Corriendo sin balón: La publicidad en el futbol


Recuerdo la primera vez que fui a un estadio de Primera División. Fue a ver un partido Chivas – León en el Jalisco, que fue ganado por las Chivas 3 a 1. En aquel entonces, sentados con un tío en la zona B, recuerdo que salí maravillado por un anuncio publicitario que estaba en la banda opuesta, y que por medio de persianas y un sistema interno de motor y goznes, hacía aparecer alternativamente el logotipo de los cigarros Montana, y unos cinco segundos después, la leyenda “Tu sabor”. Ese era, en aquel entonces, lo más avanzado y llamativo que existía en el mundo de la publicidad durante los partidos de futbol. No había todavía pantallas luminosas ni mucho menos lonas tendidas con logotipos diseccionados en perspectiva anamórfica (esos que se ponen junto a la portería y que, vistos desde la altura de la cámara, dan como resultado visual el logo o nombre de algún producto). Estábamos en la prehistoria de la mercadotecnia, en cierto sentido.

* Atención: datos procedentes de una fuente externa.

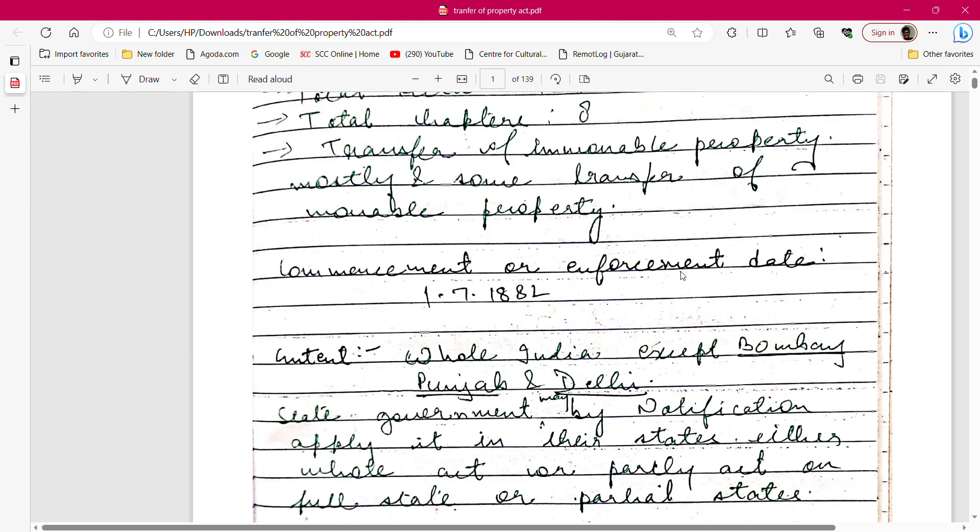The commencement and enforcement date of the Transfer of Property Act is very important from a judicial exam perspective. The Act came into force on 1st July 1882. Remember: 1st July 1882 — this is very important.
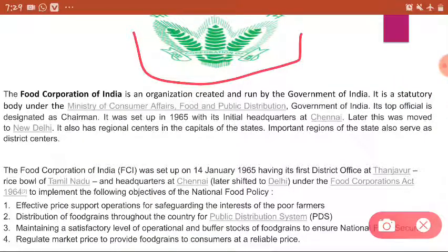This is the logo of Food Corporation of India. It was established in 1965, with a chairman as the top official. It was first established in Tanjavur, then later shifted to Chennai, and then permanently shifted to New Delhi. The Food Corporation of India was established on 14th January 1965, under the Food Corporation Act of 1964.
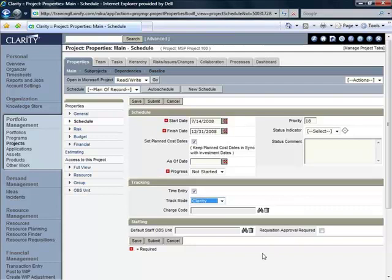I'm going to leave the default Staffing OBS unit blank. And now I'm going to submit this data to Clarity.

La publicidad ha ido evolucionando del mismo modo que el juego y sus otros alrededores. Conforme las grandes compañías se fueron interesando más en el deporte como vehículo publicitario, hasta la vestimenta cambió. Si comparamos, por ejemplo, un uniforme de cualquier equipo de hace veinte años con uno actual, veremos cómo parece que los vestuarios contemporáneos más que indumentaria se han convertido en pretextos para la publicidad ambulante. En su momento, Hugo Sánchez “innovó” como el primer técnico que abiertamente también cargaba publicidad en su ropa a la hora de los partidos, ganándose no pocas críticas (y seguramente varios miles de pesos).

Quizá la manera más original (y barata, aunque de efectividad a muy corto plazo solamente) de hacer publicidad la hayan ideado los europeos cuando algunas empresas, en particular sitios de internet dedicados a las apuestas, contrataron a individuos con particular gusto por el exhibicionismo (y por el dinero, claro), que saltaban a la cancha completamente desnudos (o a medias) y con leyendas publicitarias o simples direcciones http pintados en la espalda y/o en el pecho. La cosa funcionó las primeras dos, tres veces, pero luego la UEFA, la FIFA y los consorcios televisivos acordaron no mostrar más en pantalla a esos espontáneos que irrumpían sobre las canchas en pleno juego, de modo que ahora cuando este tipo de acciones se dan, los productores de la transmisión tienen como consigna mostrar planos generales del estadio o de plano detalles del público, cualquier cosa menos al invasor del terreno, en un intento de desanimar este tipo de comportamientos (que, por cierto, conllevan su jugosa multa).

En estos días, viendo los partidos de la Serie Mundial, me llamó la atención una modalidad de publicidad en la que no había reparado: en la toma estándar de los lanzamientos, con la cámara apuntando a la espalda del pitcher y la caja de bateo desde el jardín central, aparece un recuadro de publicidad con anuncios de empresas que operan en México. El truco está en que esa pantalla, situada a la derecha del bateador, en la barda atrás de él, es en realidad una pantalla verde, sin ninguna imagen, pero que permite a la post-producción añadir sobre la superficie de color uniforme cualquier logotipo que se desee. De este modo, el consorcio que vende la transmisión a las cadenas internacionales, les facilita que éstas hagan dinero revendiendo, a su vez, la publicidad local, que puede cambiar dependiendo del país y de la región, lo cual representa una muy importante fuente de ingresos para, en el caso de México, Televisa.

Ya no hay muchos límites de ética o de vergüenza profesional a la hora de portar y mostrar publicidad en los eventos deportivos. Esto es una lástima, porque la estética de los estadios, de los jugadores, y del juego en sí, se ve afectada y afeada por estas tendencias del libre mercado que empuja a que todo tenga una rentabilidad económica hasta sus últimas posibilidades. Sin embargo, no hemos visto nada todavía. El futuro de los deportes todavía nos depara algunas sorpresas e innovaciones para perfeccionar la manera de venderle a nuestro subconsciente la idea de que necesitamos un producto que en realidad en realidad, no nos hace ninguna falta.